By the time that Balint had taken leave of his mother it was already quite late and when he arrived at the ball they had just finished the second quadrille and were striking up for the last waltz before supper. He entered the great hall of the Assembly Rooms and, slipping past the group of men who clustered round the door, kissed the hands of the old ladies sitting nearby. He did not stay there long — too many couples came bumping into him as they waltzed by — but, glancing round the room until he caught a glimpse of Adrienne, who was now dancing with Pityu Kendy, he moved on to the next room where a group of older men were clustered round the fireplace talking politics while they waited for supper.
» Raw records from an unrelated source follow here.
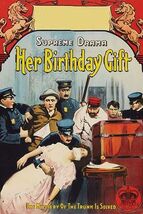 Item image 1 image 1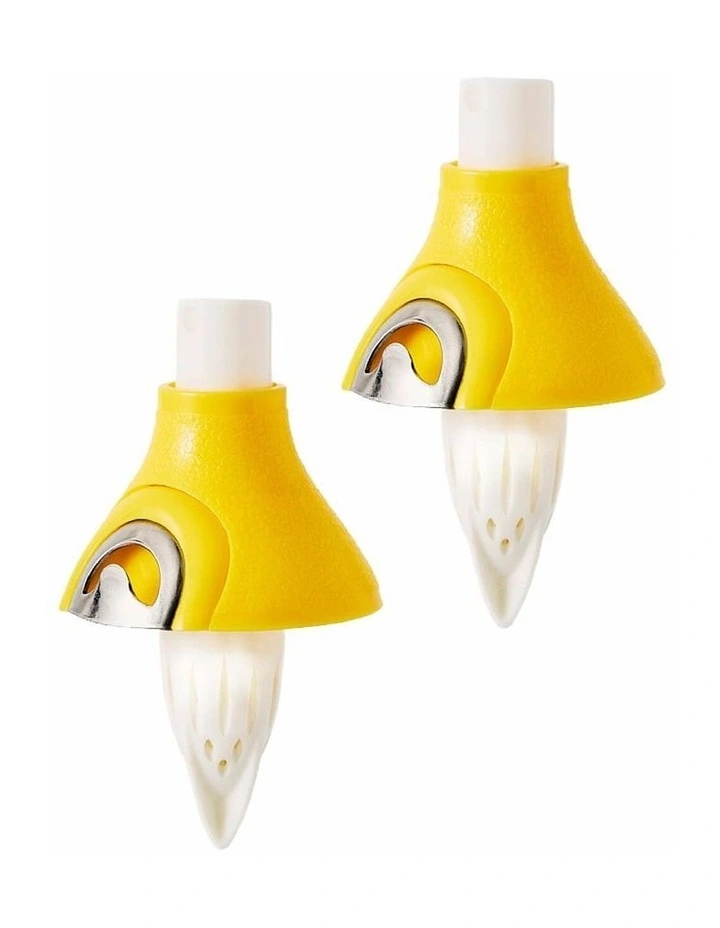 Prepara Lemon Lime Citurs Sprizer - 2 Pack image 1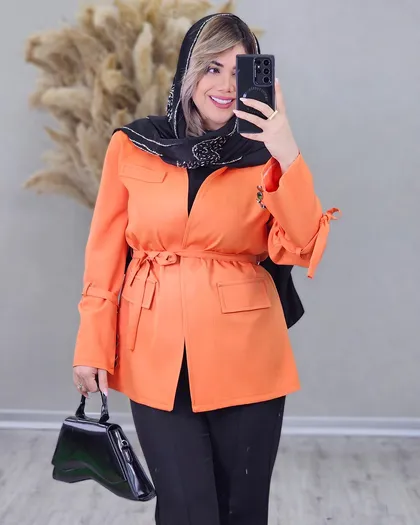 کت مازراتی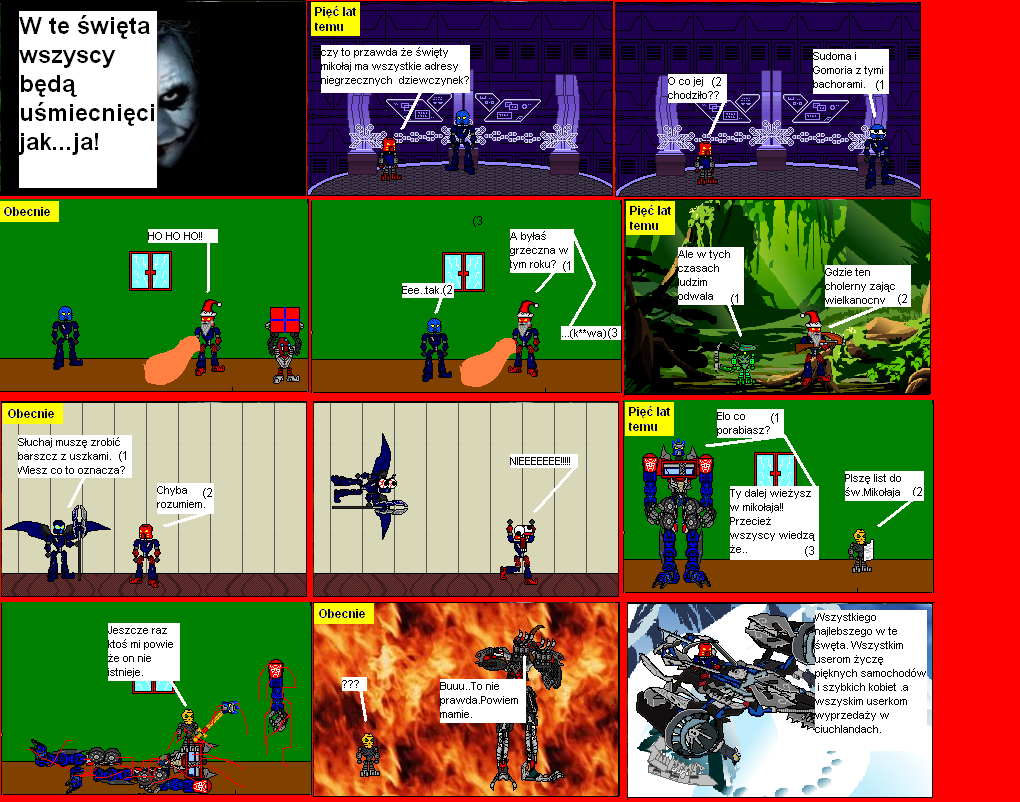 komiks_swiateczny.bmp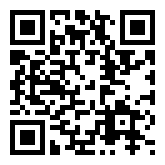 https://www.e7458.cn/news/20231724.html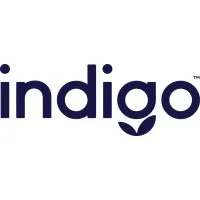 Indigo Natural Products Management Indigo Natural Products Management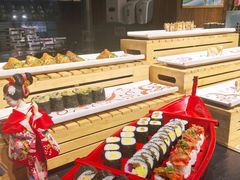 -北京朝阳悠唐皇冠假日酒店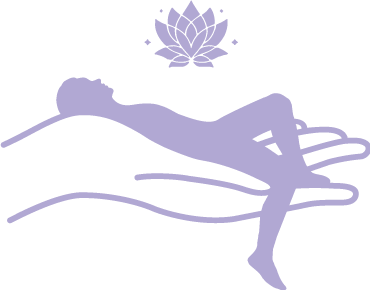 Logo Cinta massage thaïlandais Marseille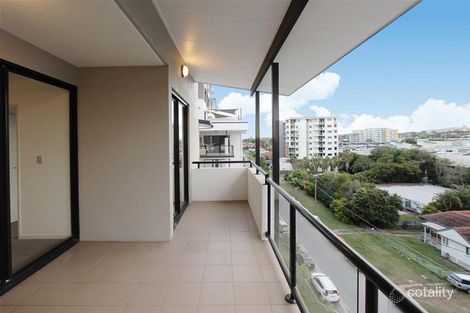 Property photo of 55/41 Playfield Street Chermside QLD 4032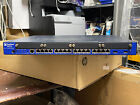 Juniper Srx240h 16-port Gigabit Vpn Security Firewall Open Box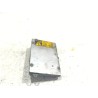 Recambio de centralita xenon para saab 9-3 berlina (2003) 1.9 tid referencia OEM IAM 5DV00829000  
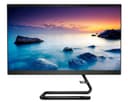 IC AIO 3 24 R5 8GB 256GB thumbnail 1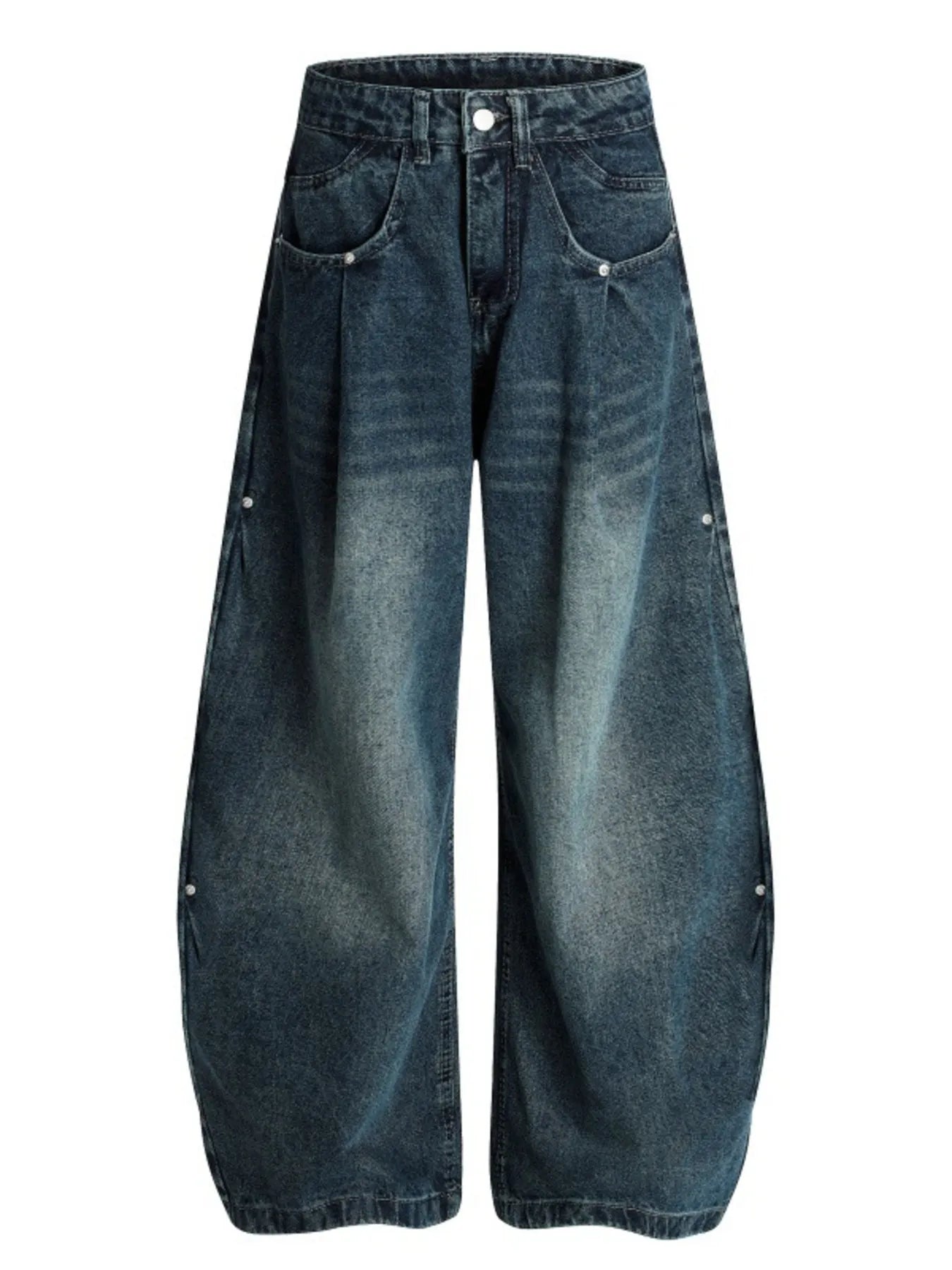 0d01afc622c24e358ec71eeda314ba33-Max-Origin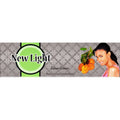 NEW LIGHT zaban creme 47ml | Buy Online | Saffronskins India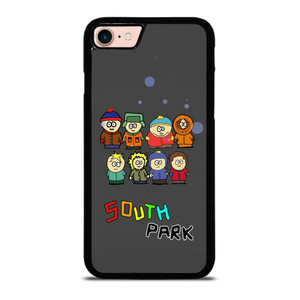 CARTOON SOUTH PARK iPhone 7 / 8 Case Cover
Balint, fresh from Budapest and presumed to be fully informed as to what was going on, was given a warm welcome. Everyone hoped that he would confirm their own ideas and prophecies, and turned to him to judge who was in the right. The first were Abonyi, who declared that the only hope lay in a Government under Andrassy’s leadership; and fat lisping Kamuthy, who cried that ‘thith wath treathen and everyone who doth not demand Perthonal Union’ ith a traitor to hith country’. Kamuthy’s fat cheeks were red with excitement.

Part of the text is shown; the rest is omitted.